The governor thus became acquainted with the nature and terms of the charges against him. On the 4th of March a number of ships’ officers were invited to assist in the deliberations of the council of policy, and some of the retired and acting burgher councillors were summoned to give evidence. These answered a few questions put to them by the governor, in a manner favourable to him. The broad council then consented to the issue of a placaat, in which all persons were forbidden to take part in any conspiracy or to sign any malicious or slanderous document against the authorities of the country, under pain of severe punishment. The ringleaders in such acts were threatened with death or corporal chastisement. The fiscal and the landdrost were authorised to seize persons suspected of such offences, and to commit them to prison. This placaat was on the following Sunday affixed to the door of the Stellenbosch church.
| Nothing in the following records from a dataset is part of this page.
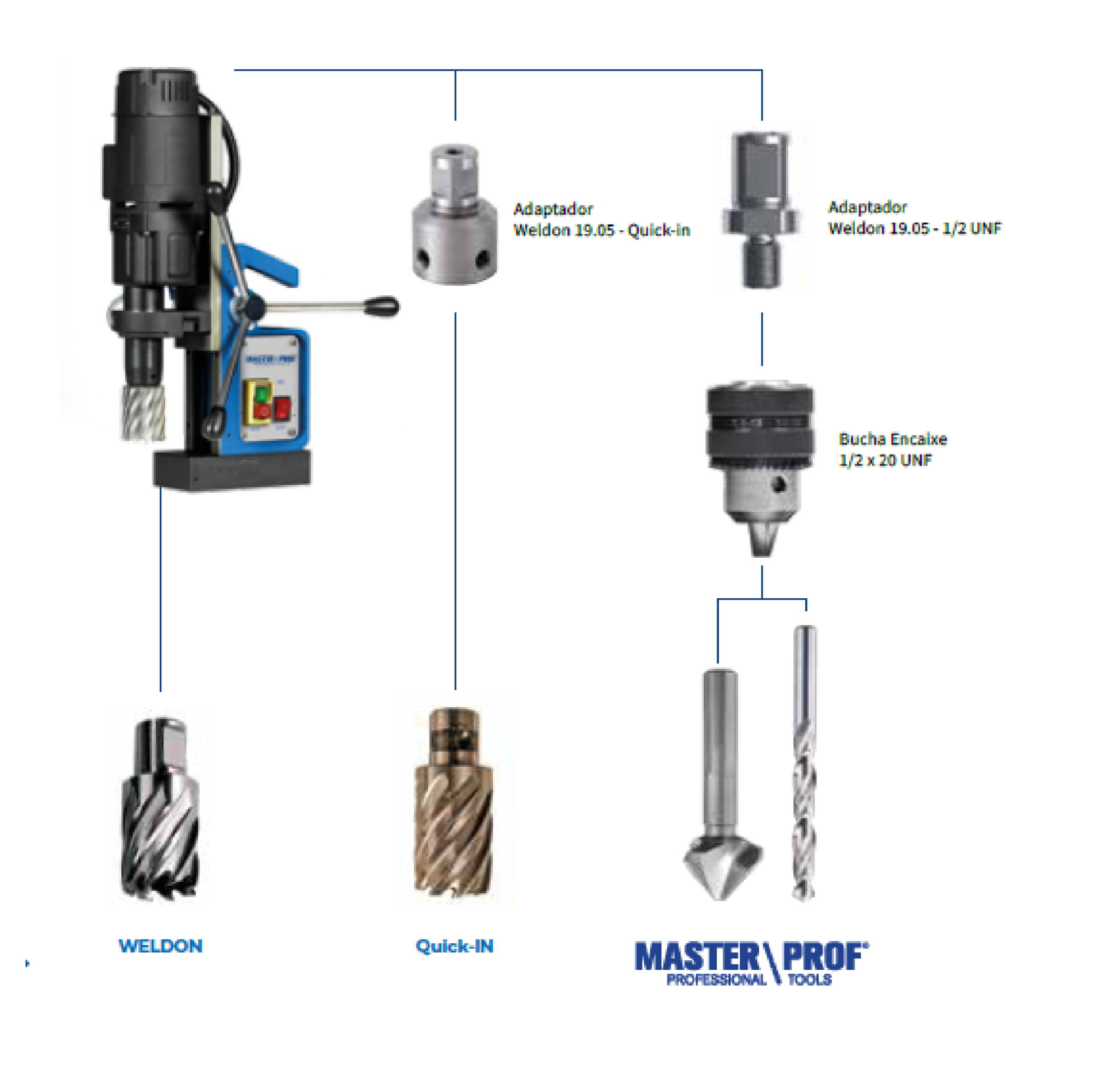 Máquina com Base Magnética 50mm 2 Velocidades MASTER ELITE50 - Image 2
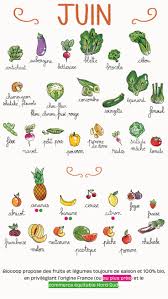 Image Du Tableau Zero Dechets De Serena Maiorino Calendrier Fruits Et Legumes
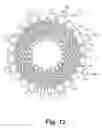 Fig. 12 - Armature, rotating electric machine, DC motor, and brushless motor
Within the next few days the governor caused the burghers Wessel Pretorius and Jacobus van der Heiden to be arrested and committed to prison, the retired burgher councillor Jan Rotterdam to be banished to Batavia, and the burghers Pieter van der Byl, Henning Huising, Ferdinandus Appel, and Jan van Meerland to be put on board a ship bound to Amsterdam. Jan Rotterdam was seventy years of age, and afflicted with diabetes, a disease that made it difficult for him to rise quickly from his seat. He was respected by every one, but the governor had taken a dislike to him because he did not rise in church when his Excellency entered, and only saluted by taking off his hat and bowing when seated on a stoep and his Excellency passed by. This was termed by the governor insolence, malice, and disrespect, and formed the principal complaint against him.[74] To this offence he had added, as had the others named, by signing the memorial. These men had no time given to them to arrange their affairs, but were hurried out of the country as if they had been malefactors. They were informed that they must answer before the supreme authorities at the places of their destination to the charges of sedition and conspiracy that would be forwarded by the Cape council, and if they had any complaints they might make them there also.